╔══
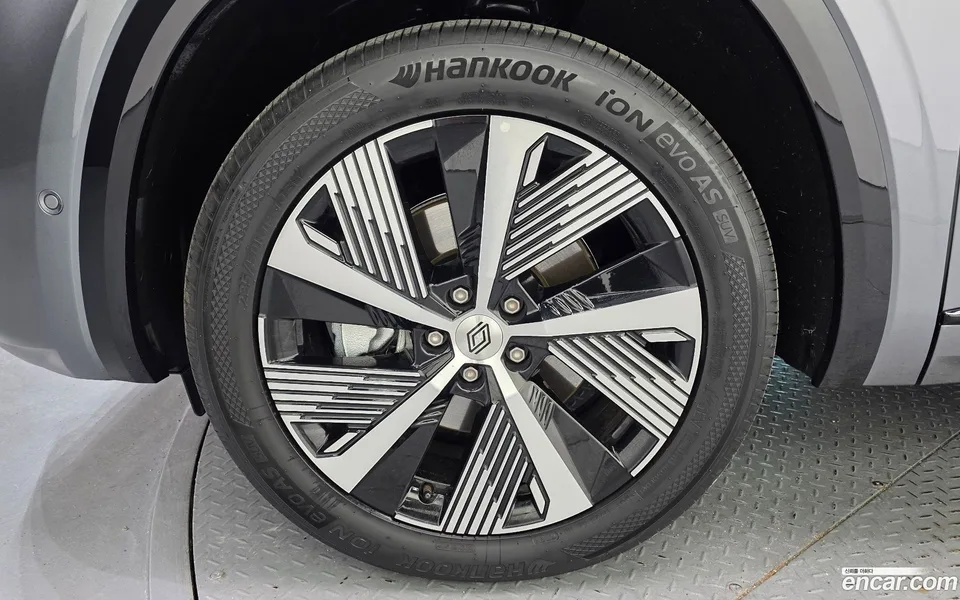 Renault Samsung Grand Koleos 1.5 E-TECH 2WD 2024 — миниатюра 5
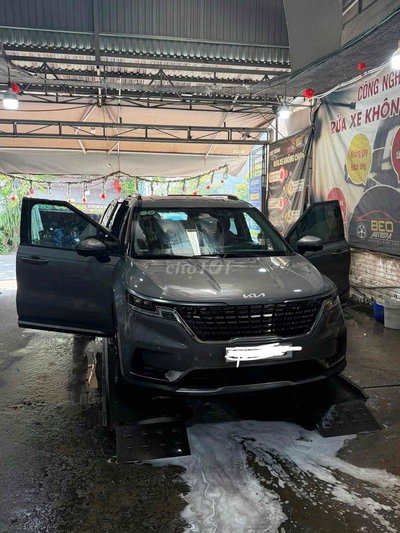 KIA Carnival 2023 Signature Xám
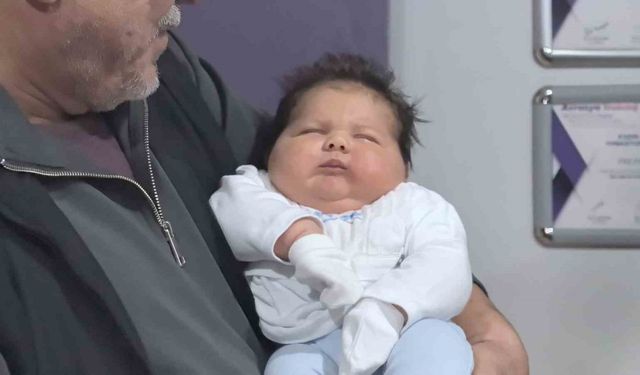 Hastanede rekor: 6 kiloluk bebek dünyaya geldi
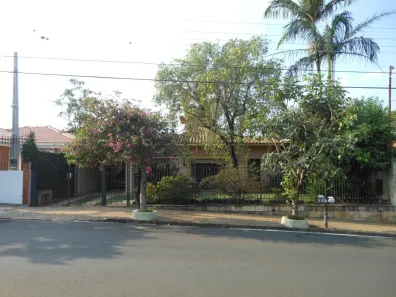 Imóvel Comercial com 4 Quartos à venda, 371m² no Jardim Macarenco, São Carlos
╚══
### TASK INSTRUCTIONS
Reproduce the lines above exactly, please, but not the pictures in them.

### RESULT OF THE EXERCISE
 Renault Samsung Grand Koleos 1.5 E-TECH 2WD 2024 — миниатюра 5
 KIA Carnival 2023 Signature Xám
 Hastanede rekor: 6 kiloluk bebek dünyaya geldi
 Imóvel Comercial com 4 Quartos à venda, 371m² no Jardim Macarenco, São Carlos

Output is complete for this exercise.